WHAT TO WORK ON:
Look below for the line that contains "Welcome to another", then quote it and all the lines after it, exactly, with the pictures left out.

EXERCISE DATA:
⁂

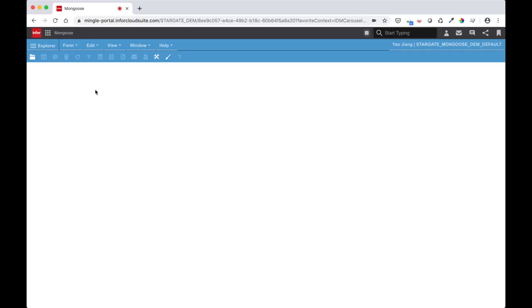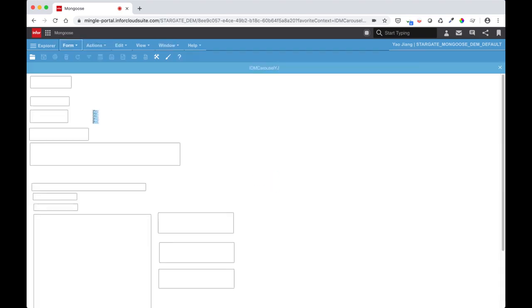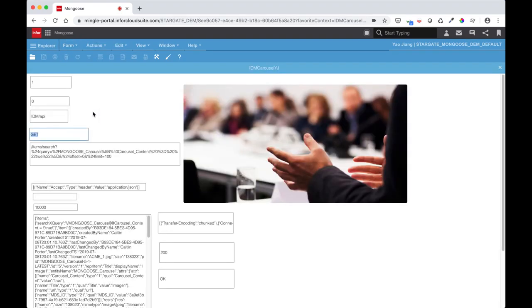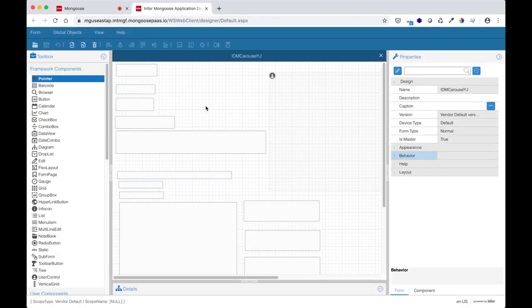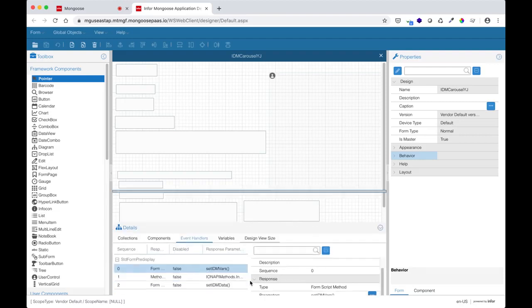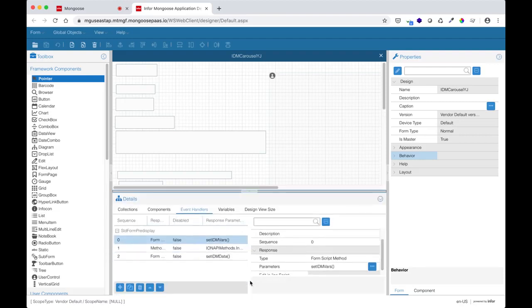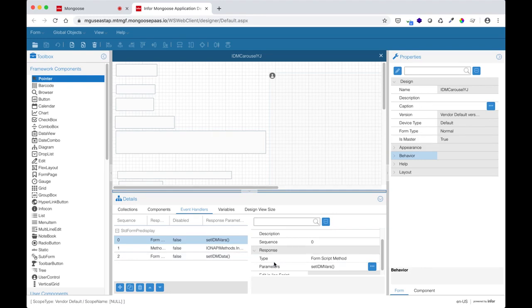Let's try to do something a bit more interesting like get images stored in IDM. This form tells ION API what to query and returns a list of images that I set the carousel with. Let's take a look at how ION API is called within this form. I'm now in my earlier form in design mode. Let's take a look at its events. I see three event handlers in standard form predisplay that are triggered on form load.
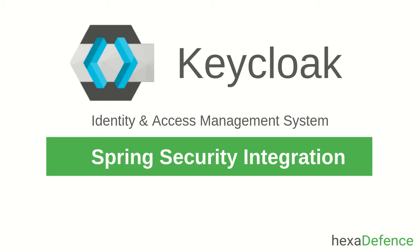Welcome to another video on Keycloak Identity and Access Management System. In this video, I am talking about how to integrate a Keycloak server with Spring Security Framework.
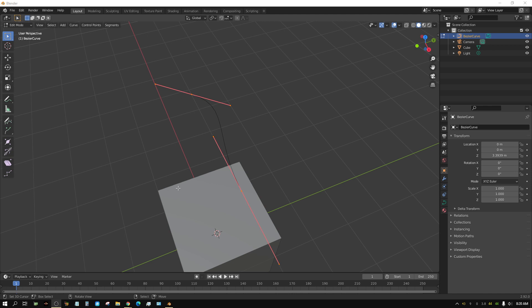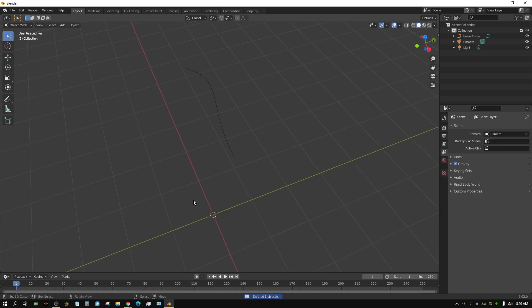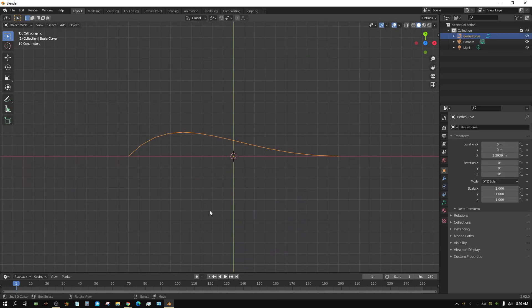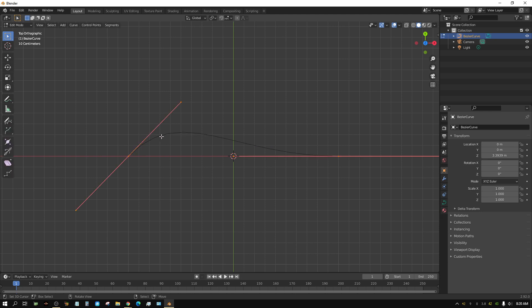In Blender 2.8 and newer, when you have a curve — like this bezier curve here — in 2.79 and older, if you press Tab to go into edit mode, you can see direction arrows showing which way the curve points. But for some reason in 2.8 and newer they've hidden that. You can enable it, and here's how you go about enabling it.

⁂

WRITTEN RESPONSE:
Welcome to another video on Keycloak Identity and Access Management System. In this video, I am talking about how to integrate a Keycloak server with Spring Security Framework.
In Blender 2.8 and newer, when you have a curve — like this bezier curve here — in 2.79 and older, if you press Tab to go into edit mode, you can see direction arrows showing which way the curve points. But for some reason in 2.8 and newer they've hidden that. You can enable it, and here's how you go about enabling it.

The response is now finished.